Stephen Hawking - Patience of a Pensive Genius



Professor Stephen Hawking was a master at imagination. His mind was able to think about abstract concepts at the fringes of the field of theoretical physics that really represented what it truly means to be passionate about the vision of ones ideas.

Hawking's thinking took place at our time in history when so much physics has been done by the giants that came before us - Galileo, Newton, Maxwell, Einstein, Feynman, that we can really now begin to ask the strangest and deepest of questions that require unification of known physics and an expansion into territory still unknown and perhaps unknowable. Hawking had no fear of physics at this level. His reputation and accolades were, in a field normally obscure from ordinary life, the stuff of legend among scientists and the general public alike.

Over the last week we have heard the many tributes to his genius. Important too is to recognize the nature of the great man's way of thinking. 
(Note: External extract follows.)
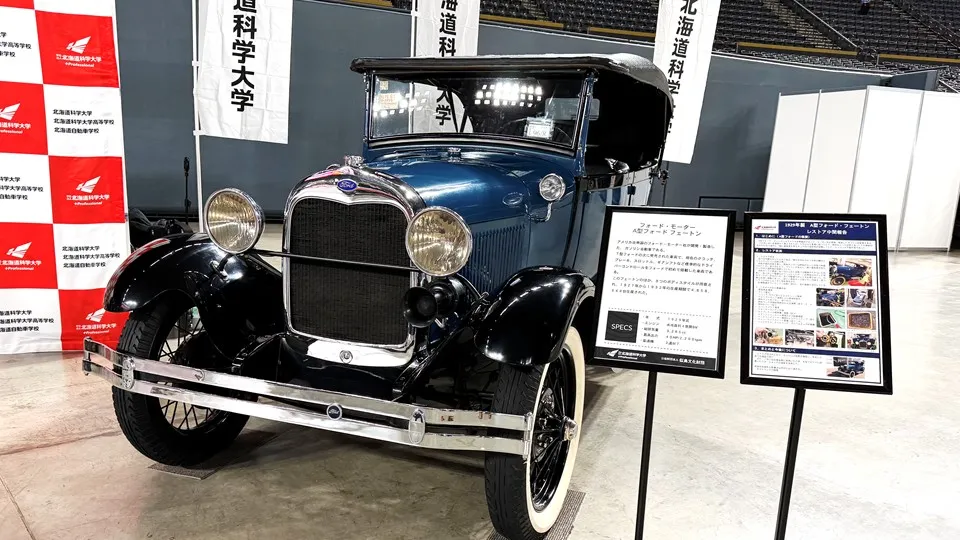1929年製 A型フォード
We have often heard the anecdotes of the way the great people of history have thought about their subject. Hawking was undoubtedly a scientist of great mental patience and care, perhaps out of necessity but ultimately because in doing physics without the aid of things most of us take for granted. 
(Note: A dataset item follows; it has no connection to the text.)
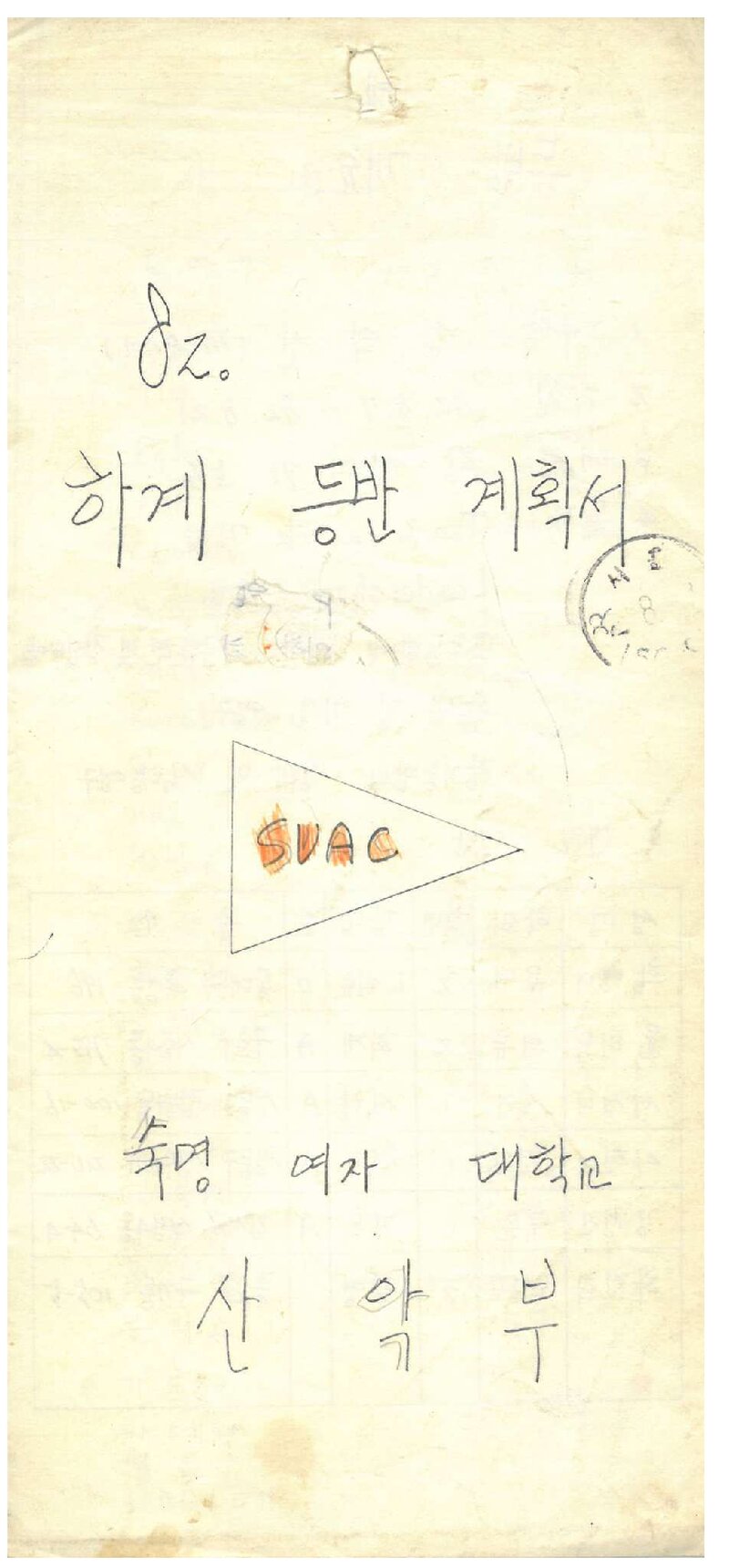 1982 숙명여자대학교산악부 하계 설악산 등반 계획서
He had a mind that was trained in not only the nature of the "thought experiment" as championed by Einstein but of long-term and pensive thinking about the big picture of ones ideas that was undoubtedly Hawking.

Hawking's theories of physics create some of the greatest questions and motivations to understand the great flagships of modern physics, General Relativity and Quantum Theory. From Hawking's Theory of Radiation emitted from black holes and his relationship derived between the entropy of a black hole and its event horizon are some of the incredibly interesting consequences of linking these great theories together which Hawking was developing in the 1970s.

More interesting are the modern questions that arise when the consequences of Hawking's past work in the then lead to paradoxes due to inherent problems in matching the equivalence principle of General Relativity and nonlocality of Quantum Entanglement, such as the Firewall Paradox to which Hawking worked on a solution toward decades later, one which is beginning to lead to even greater solutions that would not have been considered otherwise, not least of which are the potential links between entanglement and wormholes in the ER=EPR paradigm, transforming the debate in what it might actually mean to link Quantum Entanglement with General Relativity. Linking the realm of the Planck length with realm that spans across Galaxies. 

The big picture of physics was always characteristic of Professor Stephen Hawking and was done so with a patience that was one of a kind. His life in physics is a lesson that one must nurture thinking of this nature. None of the solutions to the problems we face, both in modern science and in our lives, are best left to quick fixes. An intelligence matched with care, patience and a nurturing of an idea with a definite vision, The Hawking Method as it were, was a treasure Professor Stephen Hawking shared with us.